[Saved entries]
┄┄┄┄┄┄
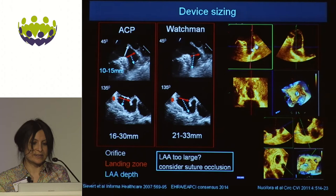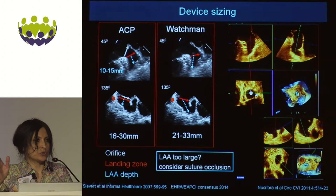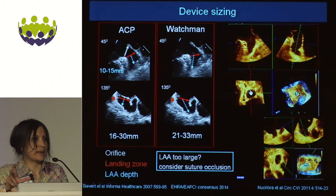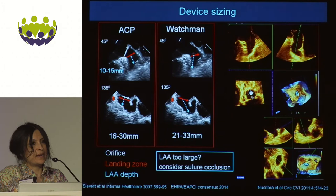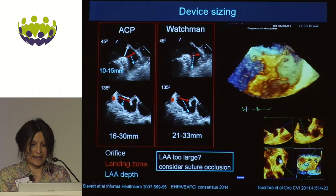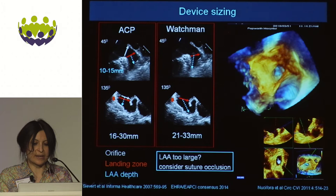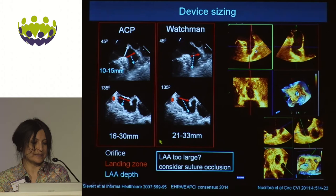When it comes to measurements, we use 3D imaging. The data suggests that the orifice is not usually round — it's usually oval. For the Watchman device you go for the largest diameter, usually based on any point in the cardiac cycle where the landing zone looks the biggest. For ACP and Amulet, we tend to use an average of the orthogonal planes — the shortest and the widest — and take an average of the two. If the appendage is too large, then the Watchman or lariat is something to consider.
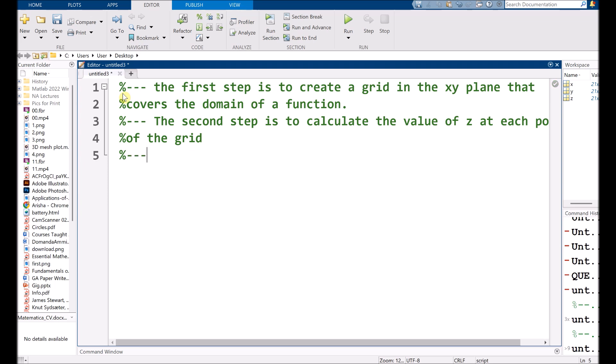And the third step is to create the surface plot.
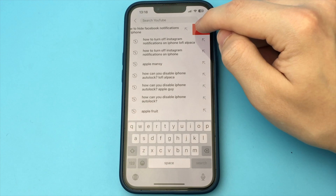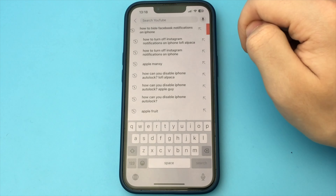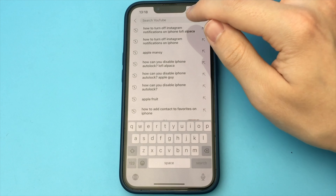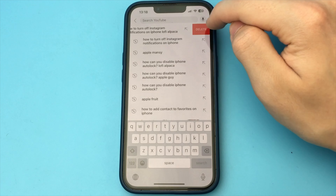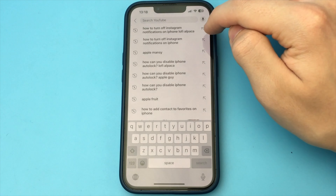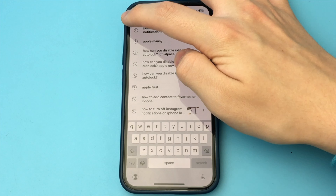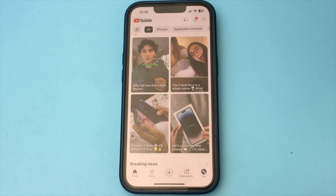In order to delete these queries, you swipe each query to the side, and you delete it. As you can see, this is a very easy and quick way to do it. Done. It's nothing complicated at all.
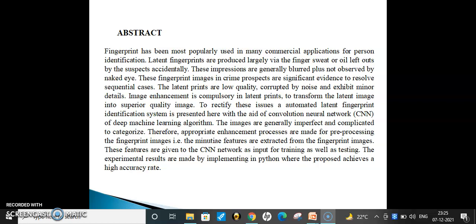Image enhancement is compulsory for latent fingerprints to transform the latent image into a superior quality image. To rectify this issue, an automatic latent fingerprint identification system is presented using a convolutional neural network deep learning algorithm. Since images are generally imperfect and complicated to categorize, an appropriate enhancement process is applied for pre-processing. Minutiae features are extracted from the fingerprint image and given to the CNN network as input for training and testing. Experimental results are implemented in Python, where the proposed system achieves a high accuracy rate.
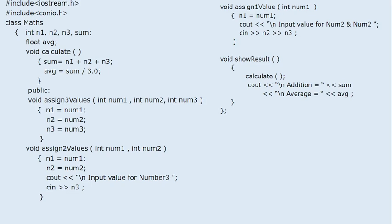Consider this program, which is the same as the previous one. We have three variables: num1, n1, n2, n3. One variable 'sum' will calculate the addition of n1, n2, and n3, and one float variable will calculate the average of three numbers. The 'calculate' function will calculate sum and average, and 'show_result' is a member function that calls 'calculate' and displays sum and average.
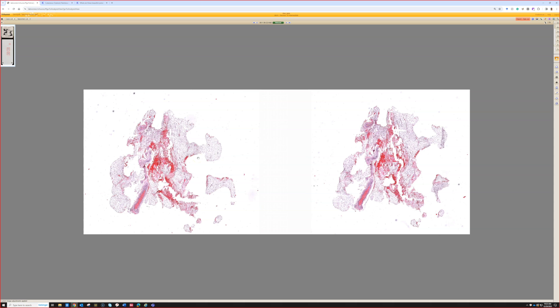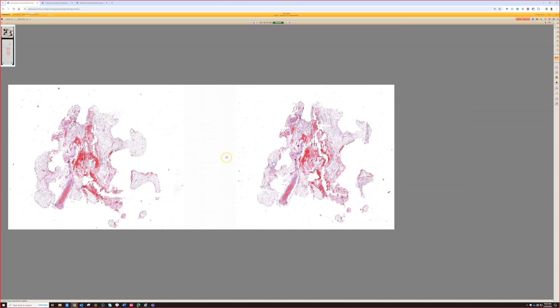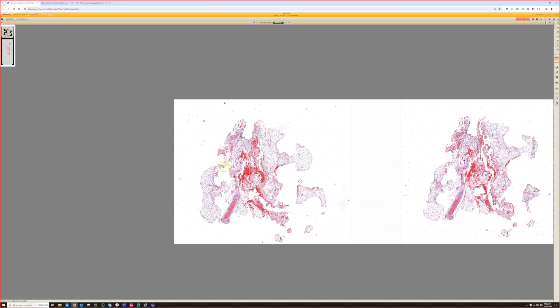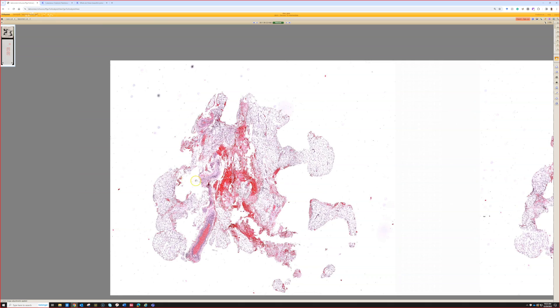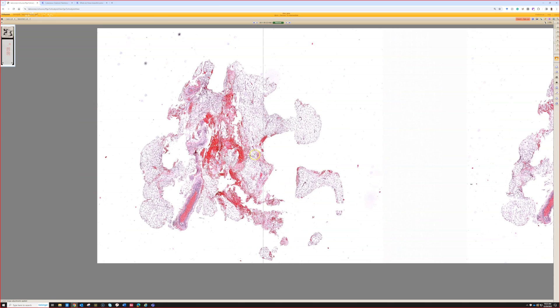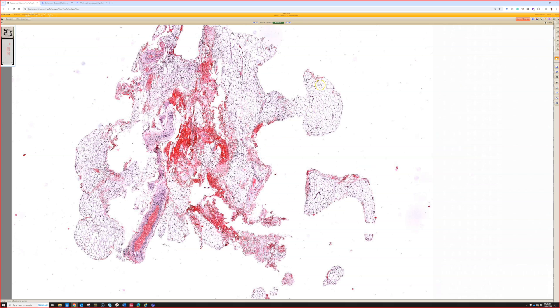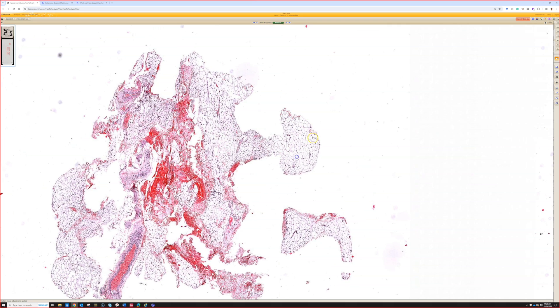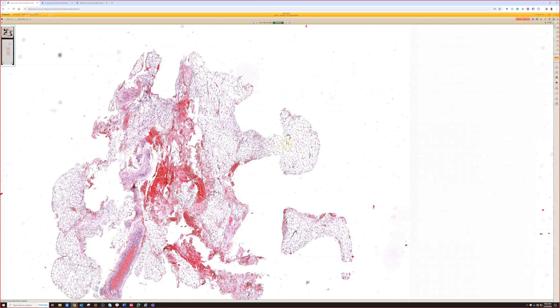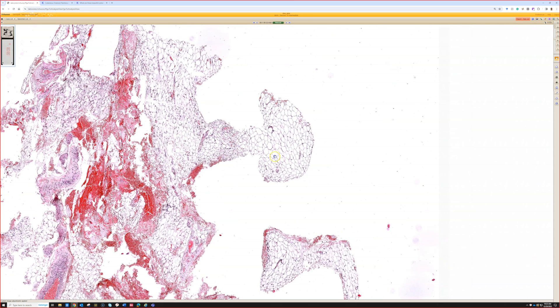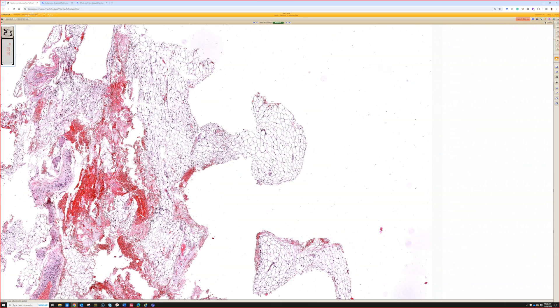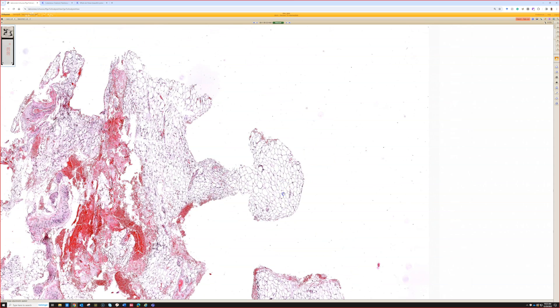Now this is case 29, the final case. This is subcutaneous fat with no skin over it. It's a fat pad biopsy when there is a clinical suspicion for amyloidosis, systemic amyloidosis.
┄┄┄┄┄┄
■ EXERCISE: Please print exactly the lines from the line containing "And the third" through the end of the records above, both included, leaving out every picture.

■ ANSWER BELOW:
And the third step is to create the surface plot.
In order to delete these queries, you swipe each query to the side, and you delete it. As you can see, this is a very easy and quick way to do it. Done. It's nothing complicated at all.
Image enhancement is compulsory for latent fingerprints to transform the latent image into a superior quality image. To rectify this issue, an automatic latent fingerprint identification system is presented using a convolutional neural network deep learning algorithm. Since images are generally imperfect and complicated to categorize, an appropriate enhancement process is applied for pre-processing. Minutiae features are extracted from the fingerprint image and given to the CNN network as input for training and testing. Experimental results are implemented in Python, where the proposed system achieves a high accuracy rate.
Consider this program, which is the same as the previous one. We have three variables: num1, n1, n2, n3. One variable 'sum' will calculate the addition of n1, n2, and n3, and one float variable will calculate the average of three numbers. The 'calculate' function will calculate sum and average, and 'show_result' is a member function that calls 'calculate' and displays sum and average.
Now this is case 29, the final case. This is subcutaneous fat with no skin over it. It's a fat pad biopsy when there is a clinical suspicion for amyloidosis, systemic amyloidosis.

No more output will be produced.